Being a school governor is a commitment to attending governing body meetings which consider issues such as setting the school vision, mitigating financial risk and scrutinising educational outcomes. They are also involved in our school community, acting as critical friends to the headteacher and senior leaders.
Governors bring a wide range of skills and expertise from their professional lives to the governing board and we benefit greatly from working with these skilled volunteers, for example some of our governors have experience of finance, safeguarding, school management and human resources.
Interim Chair of Governors - Mrs Jane Brothwood
Interim Vice Chair of Governors - Ms Natasha Hatton
View the Governors' Register of Business
Core governor responsibilities
Setting the strategic direction
Governing bodies are the key strategic decision makers in every school. Along with the Head Teacher, it is the job of our governing body to set the school’s aims and objectives around how the school will develop and improve. They set the policies, formulate plans and agree targets to help our school achieve these objectives, as well as regularly reviewing their strategic framework in light of that progress.

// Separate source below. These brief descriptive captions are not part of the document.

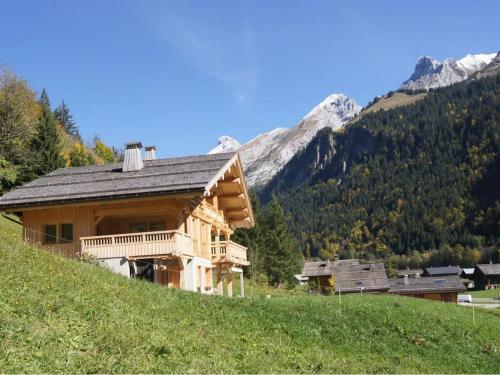 une cabane en rondins sur une colline avec des montagnes en arrière-plan dans l'établissement Charmant chalet 4 pers avec cheminée au Grand-Bornand - FR-1-467-137, au Grand-Bornand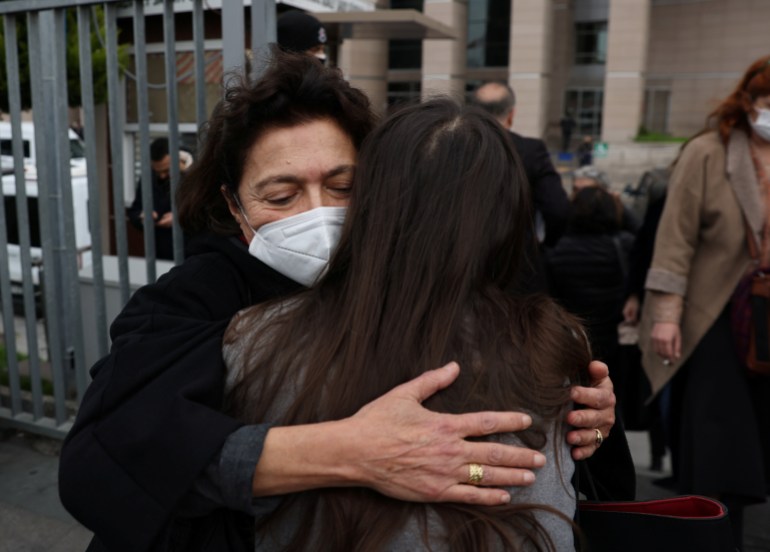 Ayse Bugra, wife of philanthropist Osman Kavala, hugs a friend as she leaves the courthouse after a hearing of Osman Kavala and 15 others over their role in nationwide protests in 2013, in Istanbul, Turkey, 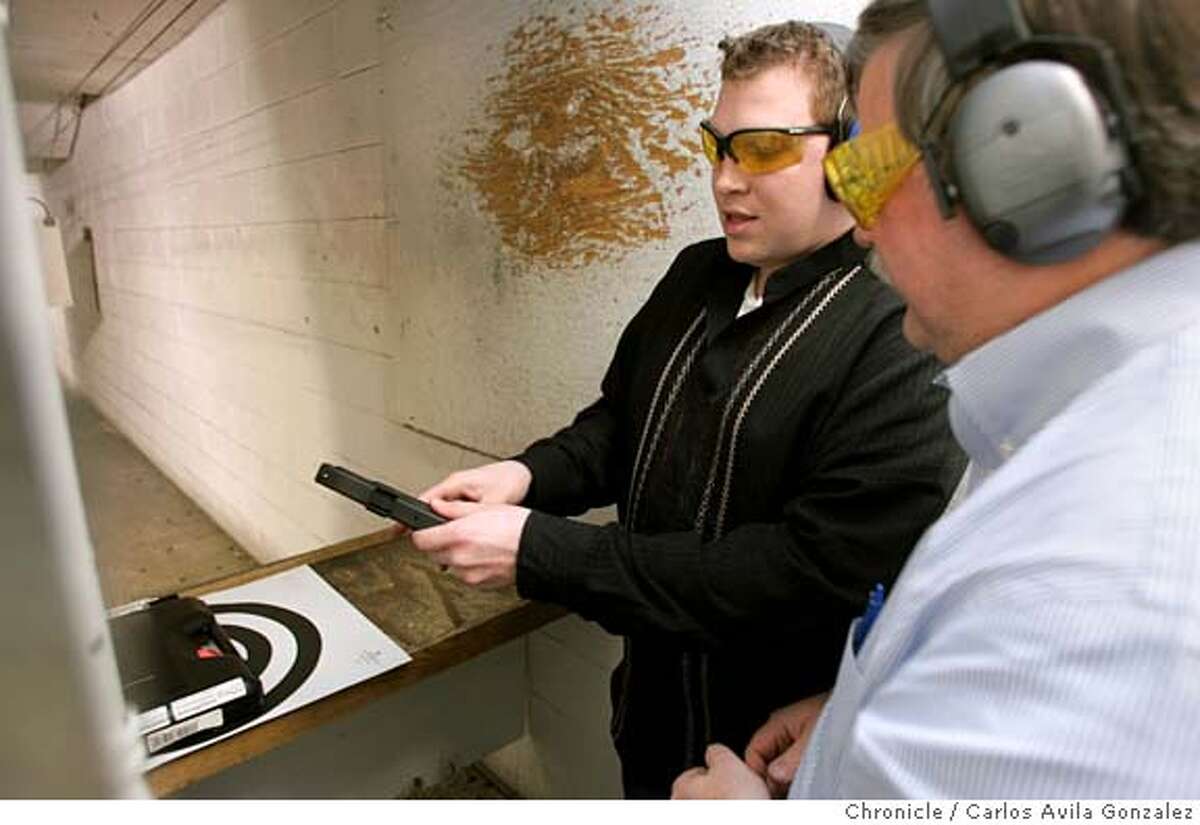 PISTOLS03_038_CAG.JPG Aaron Thomas, left, of San Francisco, and Richard Newell, right, of Walnut Creek, discuss a gun while target shooting at Jackson Arms Shooting Range in South San Francisco, Ca., on Tuesday, February 1, 2005. Against all stereotypes, this organization of gay men and lesbians advocates gun rights in San Francisco. They call themselves the Pink Pistols and they�ve found a new battle to fight now that the San Francisco supervisors want to make the city the second in the nation to ban the ownership of handguns. Photo by Carlos Avila Gonzalez / The San Francisco Chronicle Photo taken on 2/1/05 in South San Francisco, CA. MANDATORY CREDIT FOR PHOTOG AND SAN FRANCISCO CHRONICLE/ -MAGS OUT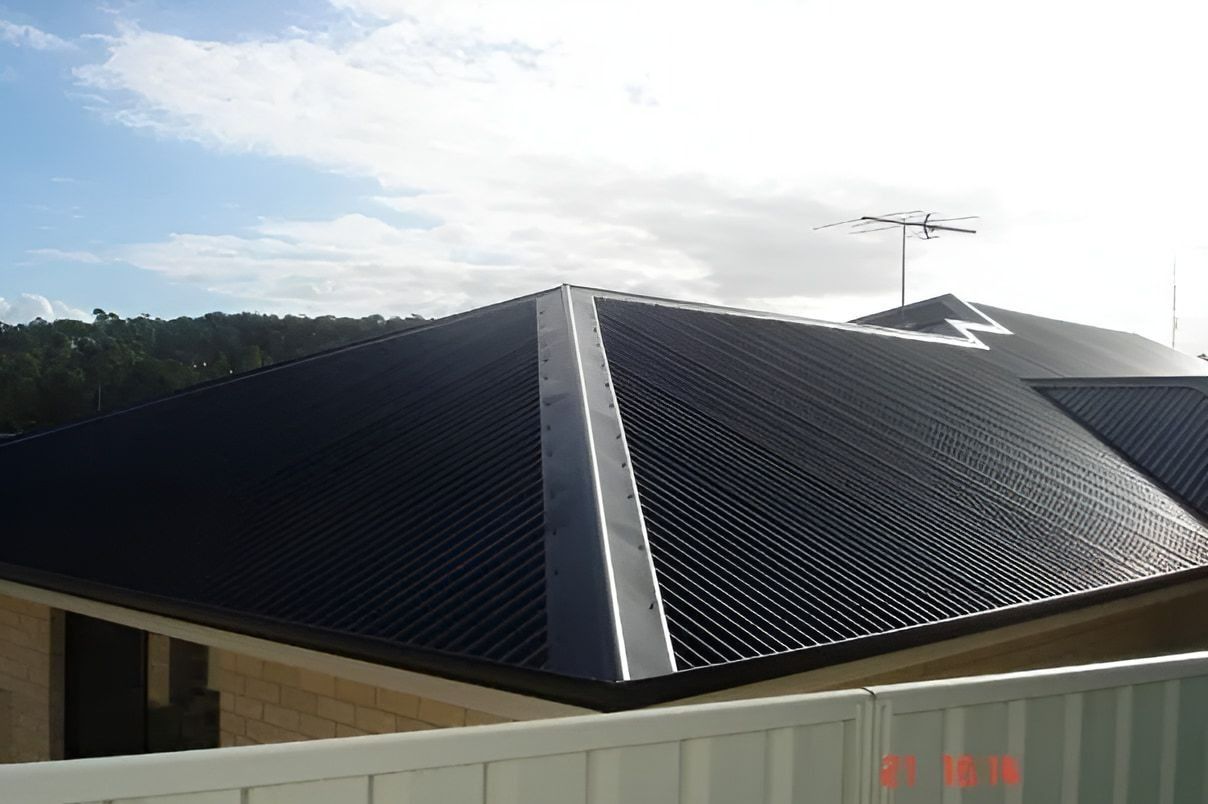 Black Corrugated Metal Roof on A House with A Light Blue Sky in The Background — Hi Tech Roofing in Port Stephens, NSW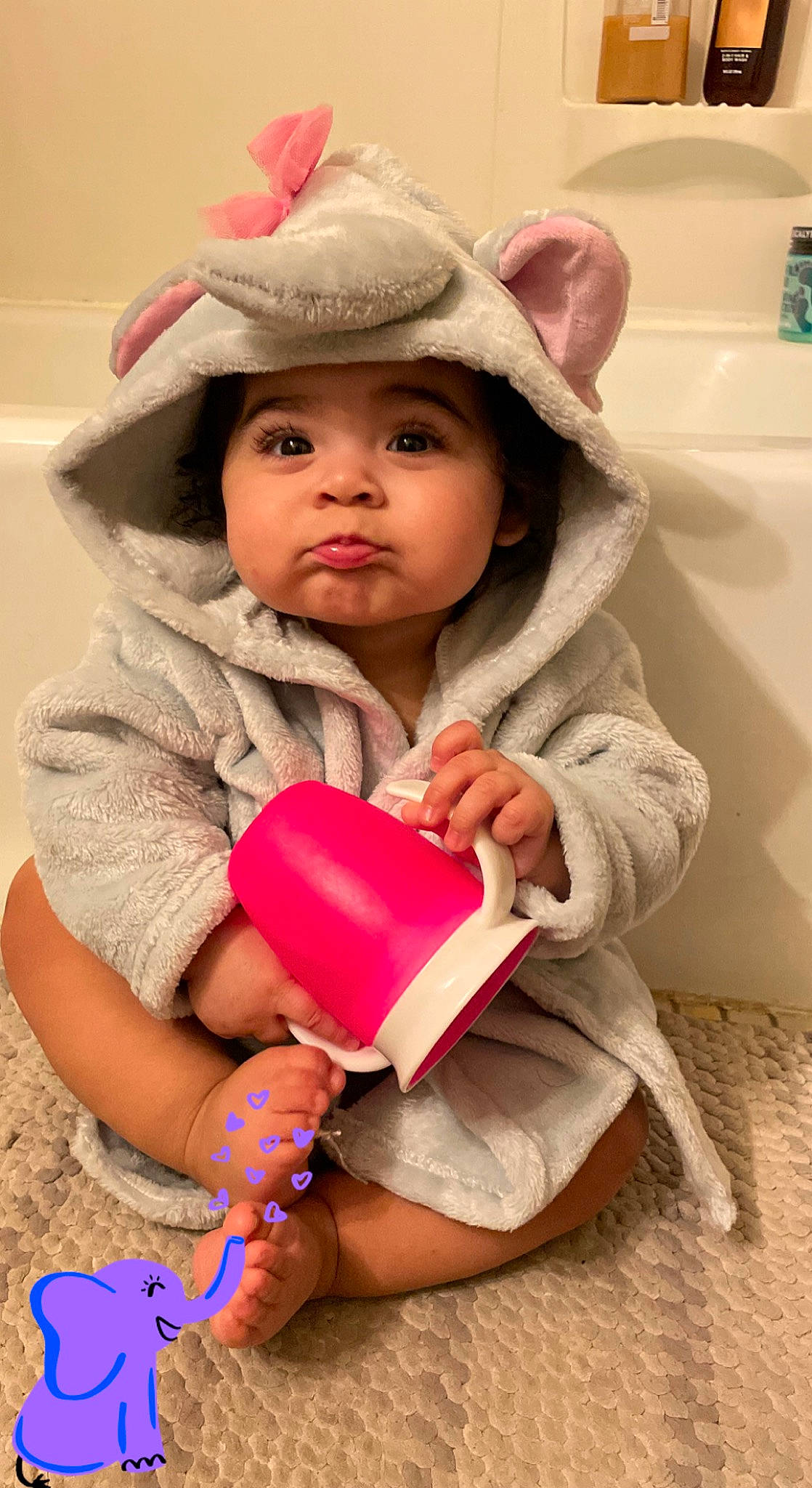 Sariah is registered to the contest to win money with this photo: baby, baby_playing_with_toys, baby_toddler_clothing, cap, cheek, child, eye, facial_expression, finger, fun, happy, headwear, lip, outerwear, person, pink, skin, sleeve, standing, toddler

Creating robust accountability
The governing body is there to support and challenge our school’s senior leadership team. They play a crucial role in holding our Head Teacher to account for securing the best possible outcomes for our pupils. By challenging key decisions and asking pertinent questions about the school’s performance data, our governors aim to guarantee high standards in education.
Ensuring financial probity
Governing bodies have a strategic role in the financial management of schools. Their key responsibilities include, setting financial priorities through the school development plan, 3 year financial plan and the annual budget. They also decide on how our school’s delegated budget should be spent in accordance with the school improvement plan and statutory curriculum requirement.
Read our Governors Annual Report 2020-2021 to find out more about how.
How does our Governing Body work?
Governing body meetings
We hold full governing body meetings twice a term in addition to smaller committee meetings. We send out all the supporting documentation a week prior to these meeting to allow Governors to have time to read and familiarise themselves with the paperwork. It also gives them time to raise any questions they might have, and challenge the information provided.
Whilst there are many important aspects of the role of a governor, the most important is the business that takes place at these meetings.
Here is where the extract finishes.